I reinstalled my system about 2 weeks ago and i run WinXP SP2.
I have searched for results in this forum but i still cannot find a solution. I love vegas very much.
Many thanks

Comments

ScottW wrote on 9/11/2004, 8:36 AM
When you measured your CPU temp, was that during a render or just idle? In either case, that's a bit on the hot side for an intel chip and it's probably the temp increase that happens during the render which is causing your problems.

My air cooled P4 runs at around 44c (according to the motherboard sensor) when it's idle (I've not looked at it when it's working hard). My water cooled P4 runs at 36c (according to the cooler sensor) maximum during renders.

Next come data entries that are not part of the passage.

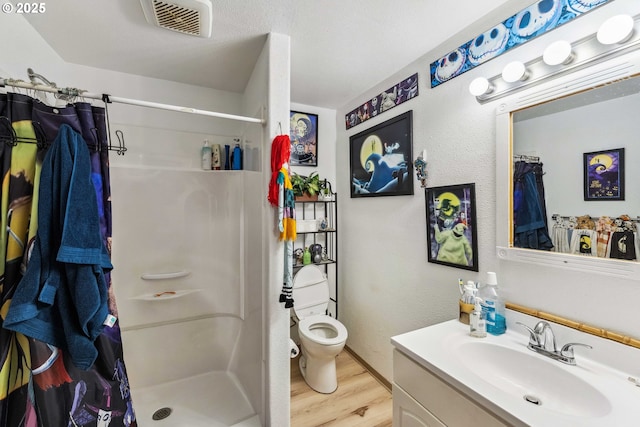 bathroom featuring vanity, toilet, curtained shower, and hardwood / wood-style floors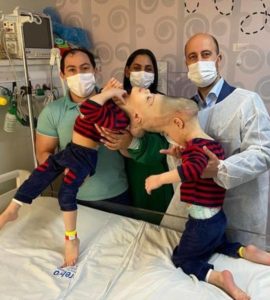 Surgeon Dr. Jeelani with the twins Bernardo and Arthur, and their parents. Picture: Gemini Untwined/PA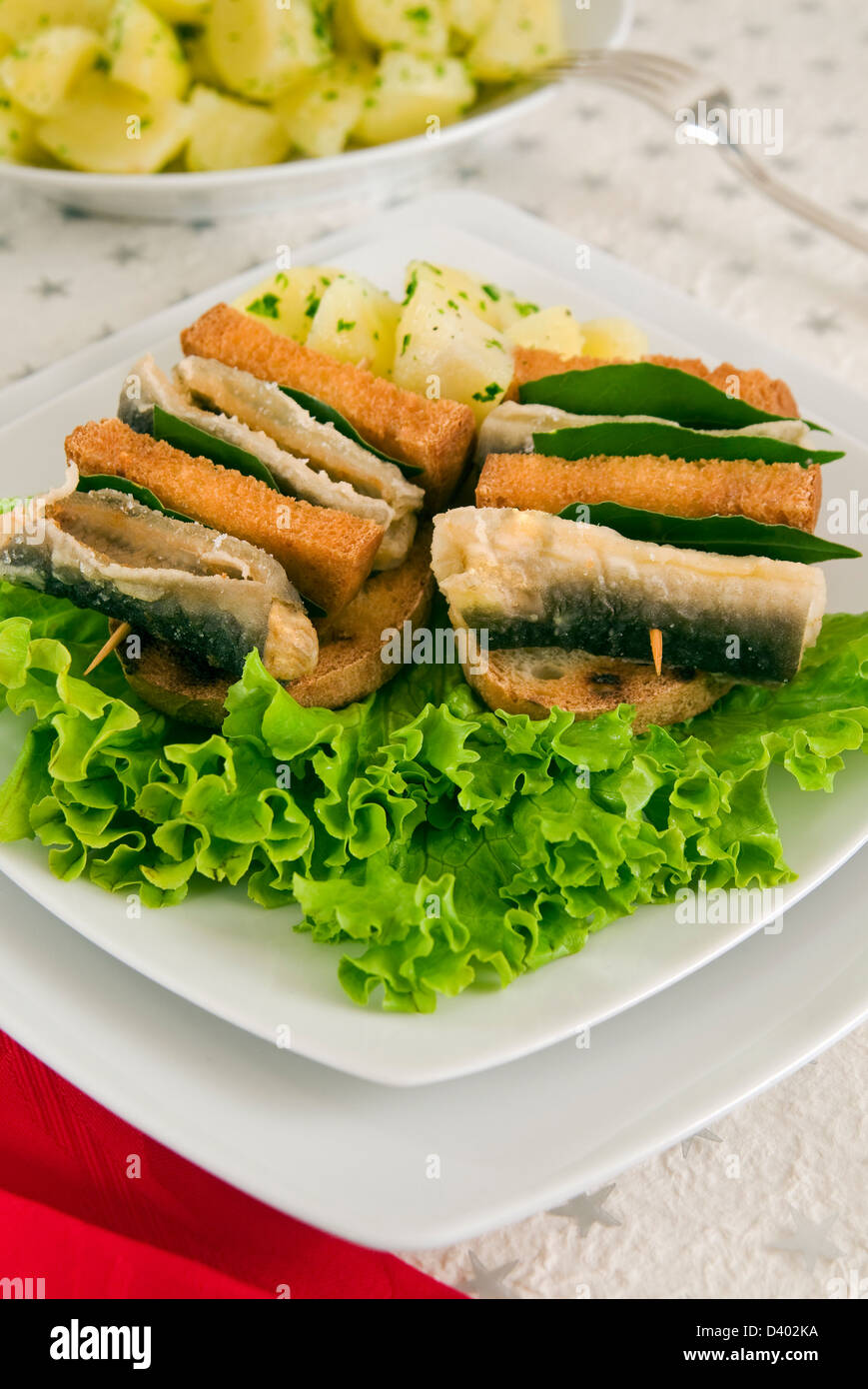 Skewers of fried eel and fried bread, and parsely potatoes on a lettuce bed, Christmas food, Italy, Italian cooking Stock Photo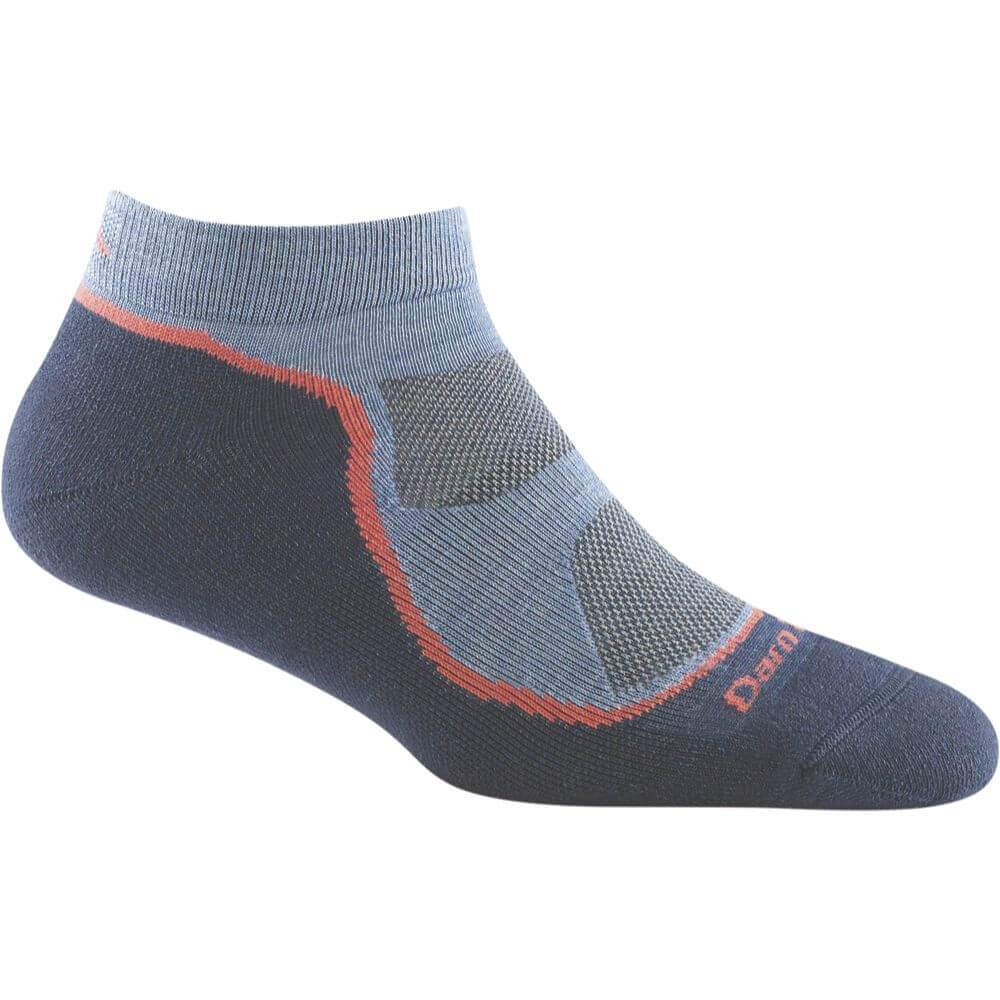 a persons feet with red and black shoes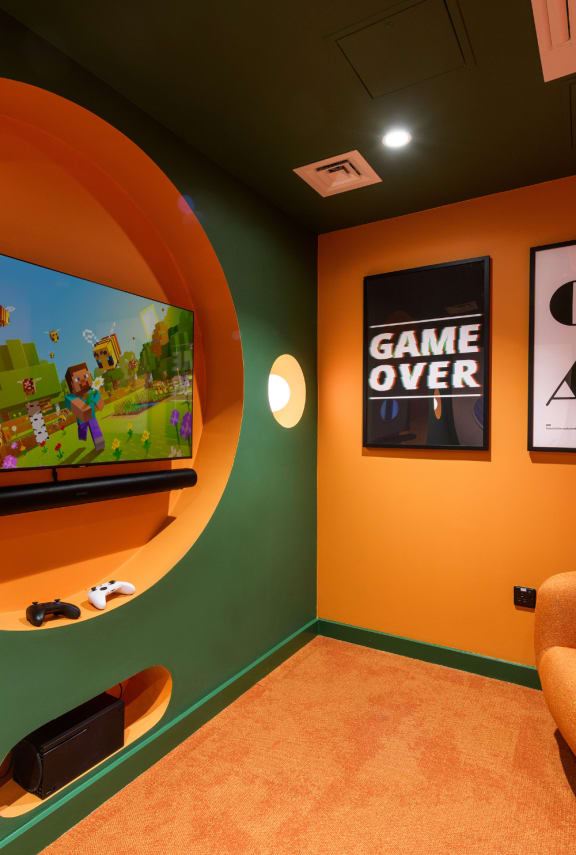 a living room with a blue couch and a tv on the wall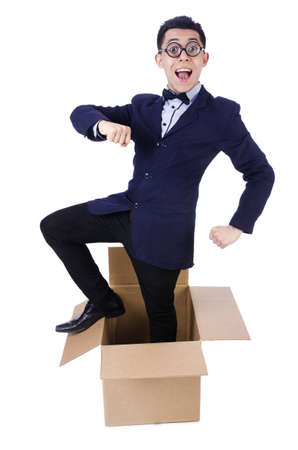 Businessman with box isolated on the whiteの写真素材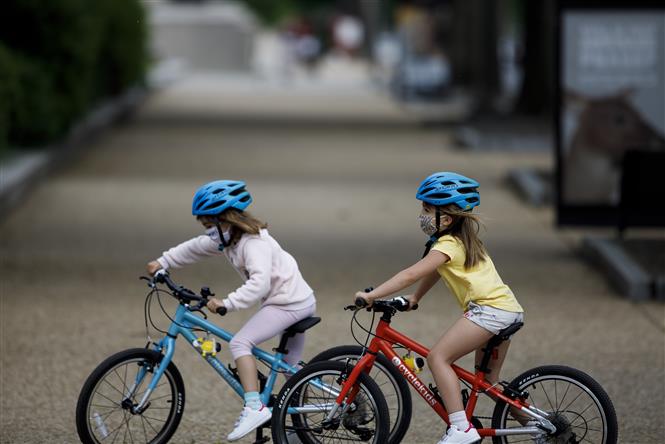  Trẻ em đạp xe trên phố ở Washington D.C, Mỹ trong bối cảnh dịch COVID-19 lây lan ngày 18/5/2020. Ảnh: THX/TTXVN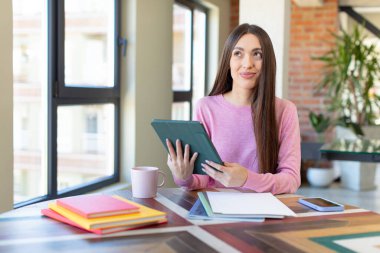 Mutlu ve kendinden emin bir ifadeyle gülümsüyor. üniversite öğrencisi ve not defteri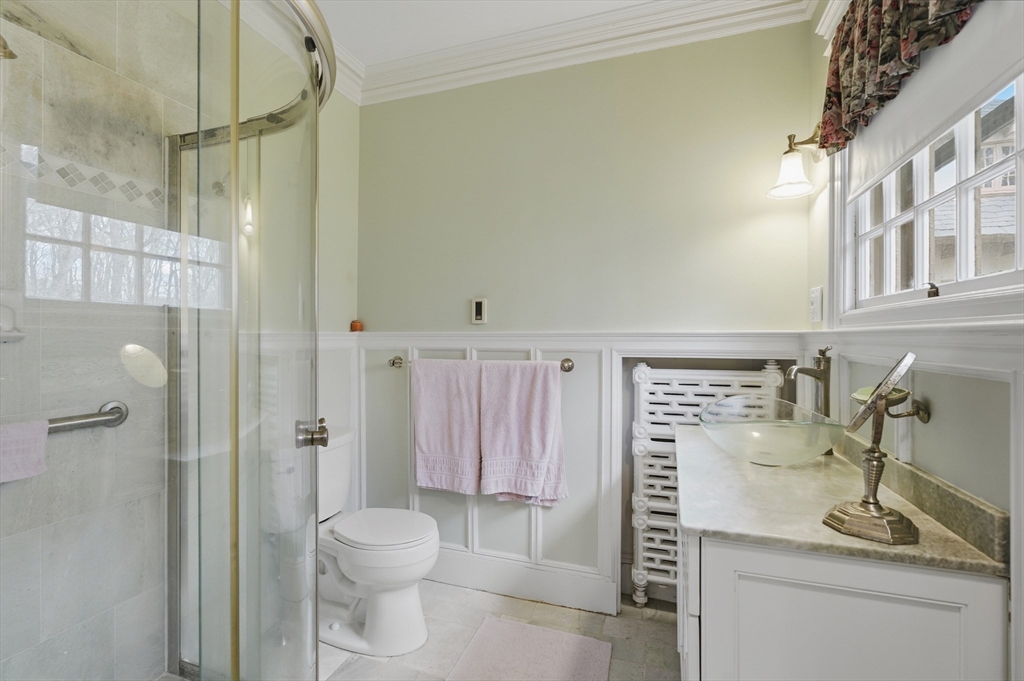 372 Main Street Amesbury, MA 01913 - Photo 32 of 42 a bathroom with a sink a toilet and shower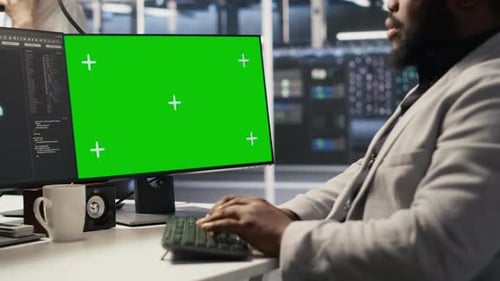 Rechenzentrumsadministrator überprüft Ausrüstung mithilfe eines Greenscreen-Mockup-PCs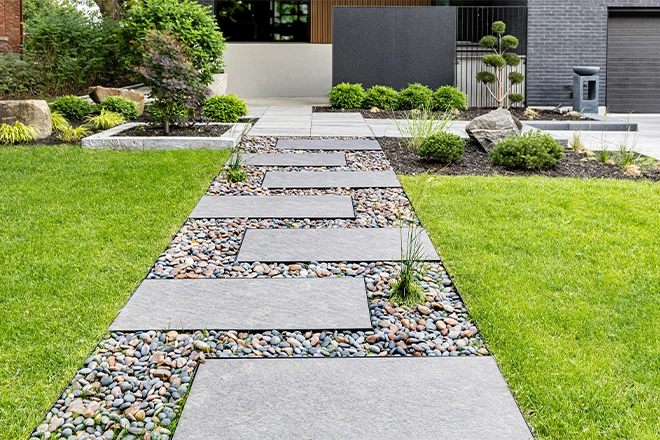 Modern stone walkway with gravel Modern stone walkway with gravel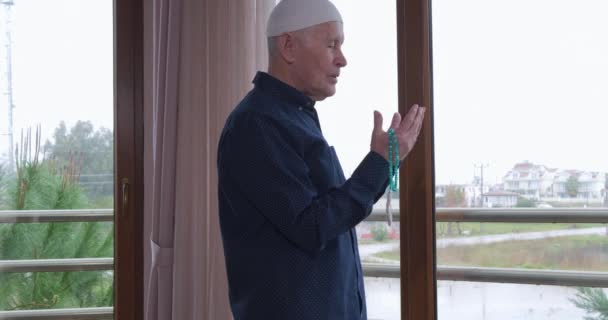 Een oude man met rozenkransen biddend — Stockvideo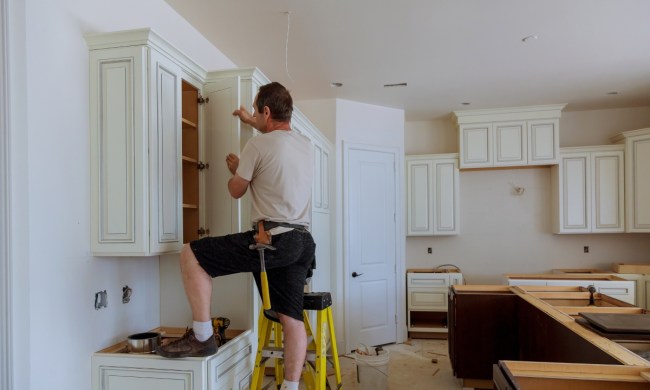 Man installing white kitchen cabinets
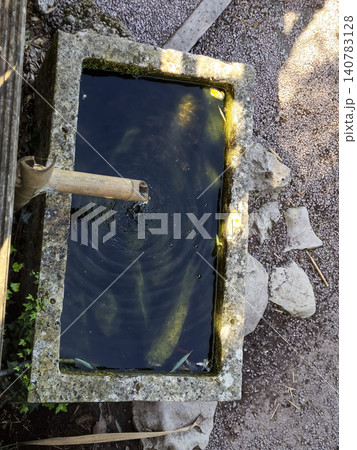 Stone water tank with bamboo spout outdoors Stone water tank with bamboo spout outdoors 140783128
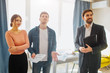 © estradaanton - Couple buy or rent apartment together. They stand with realtor. Young man look up. Woman has doubts. Cheerful realtor look rorward.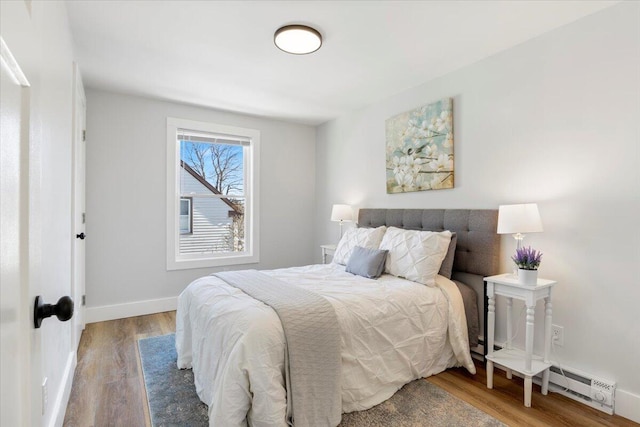 bedroom featuring a baseboard radiator, wood finished floors, and baseboards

I'd suggest a cleaning. Power down your PC, open up the case, and using some of the canned compressed air, clean all of the dust off your motherboard, cooling fins and fans (not just the CPU fins/fan, but the northbridge chip as well). Also blow out the dust in the power supply.

--Scott
jascha wrote on 9/11/2004, 2:19 PM
Hi Scott,
The temperature i measured of around 54 is both when idle and when rendering. It didn't seem to make much difference. I also took off the side panel of my tower to allow more air in but nothing so far made a difference. I will have a look at cleaning the pc and see whether it will make a difference.
Does this problem sound like a heat related problem? Does rendering require the cpu to work at 100%?
Thanks
ScottW wrote on 9/11/2004, 5:14 PM
Rendering usually causes the CPU to run at close to 100% (it depends or your hardware). Yes, this does sound like a heat related problem.